No tuvo que esperar demasiado. Una voz femenina tomó el relevo de la anterior. Ni siquiera preguntó quién era. Desde luego no se trataba de la madre de la chica.

—Soy el inspector Espinós. Llamaba para saber el estado de Luciana Salas.

—Sigue igual, señor inspector, aunque hemos estado a punto de perderla hace un rato. Ahora está estabilizada.

—Gracias —suspiró.

Colgó el aparato y miró los nombres anotados en su libreta, los que había copiado del listado hallado en la habitación del Mosca. Se los sabía ya de memoria, pero los repitió una vez más.

—¡Roca! —llamó de pronto.

Lorenzo Roca apareció ante él. Era alto y delgado, de nariz prominente y ojos saltones, de la nueva escuela, un buen policía. Casado, con hijos, pero tenía futuro, eso sí. Llegaría lejos.
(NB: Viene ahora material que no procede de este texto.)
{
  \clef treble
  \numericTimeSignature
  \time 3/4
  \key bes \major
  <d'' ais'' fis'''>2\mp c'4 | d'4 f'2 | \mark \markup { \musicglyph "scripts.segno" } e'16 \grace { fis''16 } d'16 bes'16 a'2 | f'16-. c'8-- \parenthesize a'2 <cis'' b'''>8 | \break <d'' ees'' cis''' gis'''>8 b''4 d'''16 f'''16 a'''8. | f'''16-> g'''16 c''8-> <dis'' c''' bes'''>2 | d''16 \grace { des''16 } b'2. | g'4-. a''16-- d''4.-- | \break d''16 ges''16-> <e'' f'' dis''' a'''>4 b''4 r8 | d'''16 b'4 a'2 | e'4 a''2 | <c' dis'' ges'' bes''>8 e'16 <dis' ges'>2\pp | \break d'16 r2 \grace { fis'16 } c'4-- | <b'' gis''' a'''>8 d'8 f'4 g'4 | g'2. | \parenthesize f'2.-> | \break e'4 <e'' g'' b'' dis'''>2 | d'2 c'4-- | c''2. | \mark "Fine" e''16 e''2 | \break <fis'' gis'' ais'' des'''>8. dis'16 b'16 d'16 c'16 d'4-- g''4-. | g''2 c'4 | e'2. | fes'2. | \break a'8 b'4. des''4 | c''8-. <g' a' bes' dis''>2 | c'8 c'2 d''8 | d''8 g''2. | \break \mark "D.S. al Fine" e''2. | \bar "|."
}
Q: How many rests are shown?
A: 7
—Mírame dónde están esos cinco locales, hazme el favor —le pidió.

—Enseguida, jefe.

Lo vio alejarse en dirección a su mesa y coger un listín telefónico y una guía de calles. Se echó hacia atrás y recapituló por el breve recorrido del día en busca de Policarpo García, alias el Mosca. La tarde enfilaba su última hora y pronto anochecería. Era la hora de moverse.
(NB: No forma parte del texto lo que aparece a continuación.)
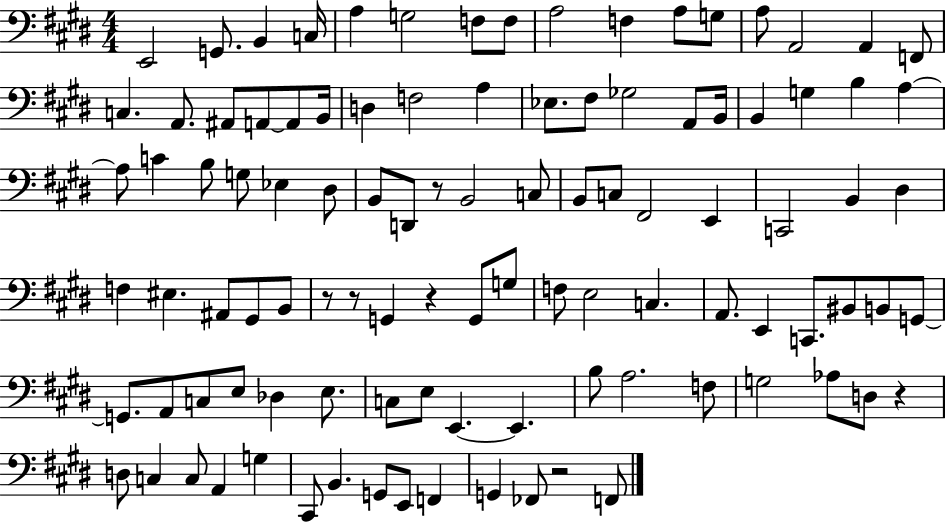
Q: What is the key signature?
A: E major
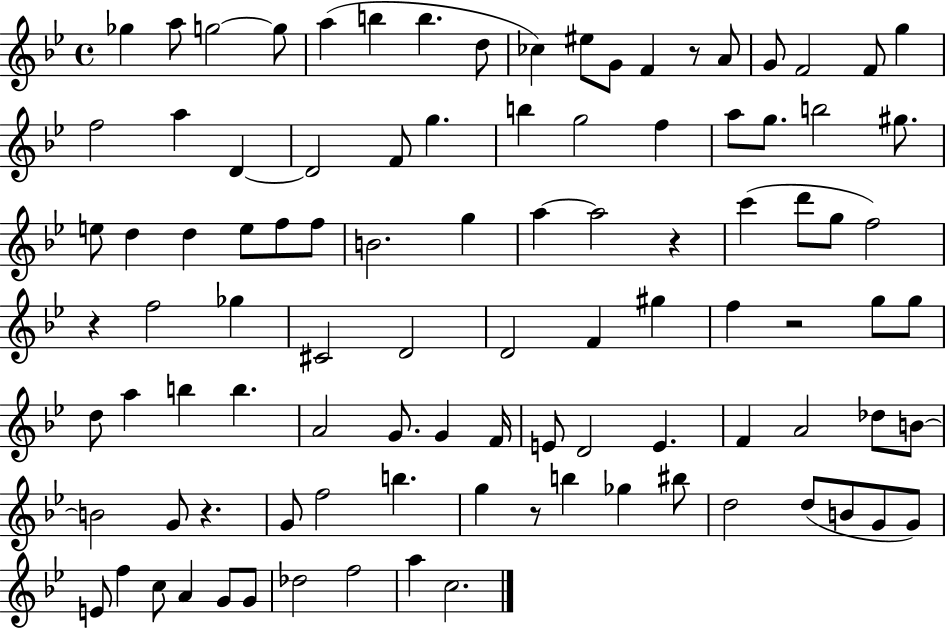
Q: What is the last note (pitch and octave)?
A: C5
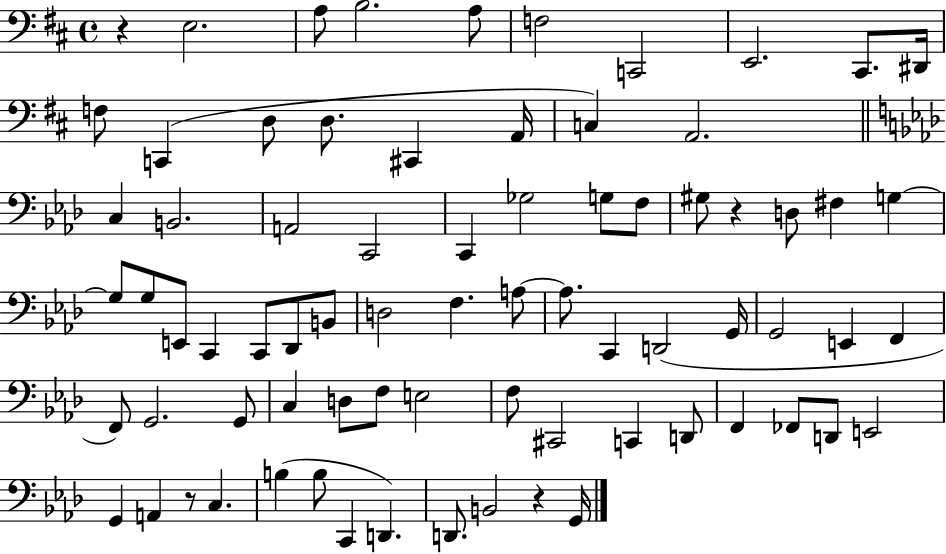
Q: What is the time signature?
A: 4/4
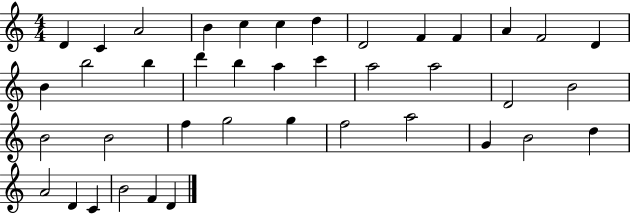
X:1
T:Untitled
M:4/4
L:1/4
K:C
D C A2 B c c d D2 F F A F2 D B b2 b d' b a c' a2 a2 D2 B2 B2 B2 f g2 g f2 a2 G B2 d A2 D C B2 F D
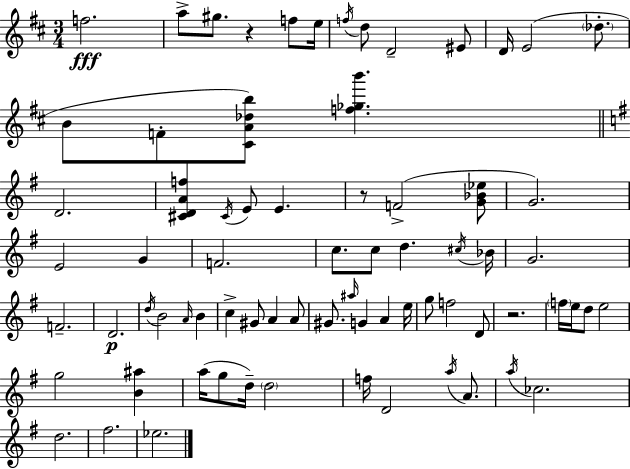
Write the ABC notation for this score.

X:1
T:Untitled
M:3/4
L:1/4
K:D
f2 a/2 ^g/2 z f/2 e/4 f/4 d/2 D2 ^E/2 D/4 E2 _d/2 B/2 F/2 [^CA_db]/2 [f_gb'] D2 [^CDAf] ^C/4 E/2 E z/2 F2 [G_B_e]/2 G2 E2 G F2 c/2 c/2 d ^c/4 _B/4 G2 F2 D2 d/4 B2 A/4 B c ^G/2 A A/2 ^G/2 ^a/4 G A e/4 g/2 f2 D/2 z2 f/4 e/4 d/2 e2 g2 [B^a] a/4 g/2 d/4 d2 f/4 D2 a/4 A/2 a/4 _c2 d2 ^f2 _e2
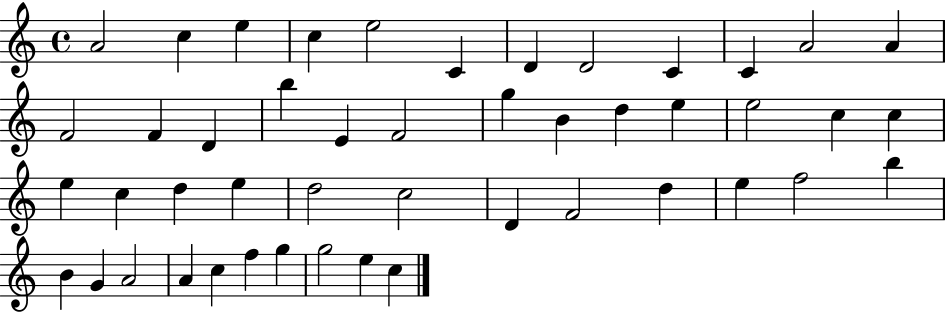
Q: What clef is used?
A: treble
Lorenzo Roca reapareció frente a él en un tiempo inusitadamente corto, o tal vez fuera que él se había quedado pensativo sin darse cuenta mucho más allá de lo calculado.

—Vea, jefe —dijo su subordinado dando la vuelta a la mesa para situarse frente al mapa de la ciudad que presidía la pared—: El Calígula Ciego está aquí; La Mirinda, aquí; el Popes, aquí; el Marcha Atrás, aquí, y el Peñón de Gabriltar… aquí —y dio por concluida la señalización enfatizando las dos sílabas del último «aquí». Luego agregó—: Vaya nombres, ¿no? Los hay que…

No estaban lejos unos de otros. Se podían recorrer en una noche.

Todo dependía del Mosca.

—¿Puedes averiguarme algo más acerca de ellos? Horarios y todo eso, clase de público, etcétera.

—Sí, claro —Roca hizo ademán de alejarse.

—Espera.

—Esperó.

—Antes da aviso de búsqueda de Policarpo García, alias el Mosca, y envía un coche para que vigilen discretamente la pensión Costa Roja, por si aparece por su habitación.

—¿Algo más?

—No. Tráeme esos datos cuanto antes.

Lorenzo Roca volvió a dejarle solo.

Capítulo 53
Blancas: f3

La música
mákina,
el
bakalao
puro, atronaba el lugar con una amplitud decibélica ensordecedora incluso para él en sus circunstancias, con la presión de lo sucedido, el recuerdo constante de Luciana en el hospital y una noche casi en vela.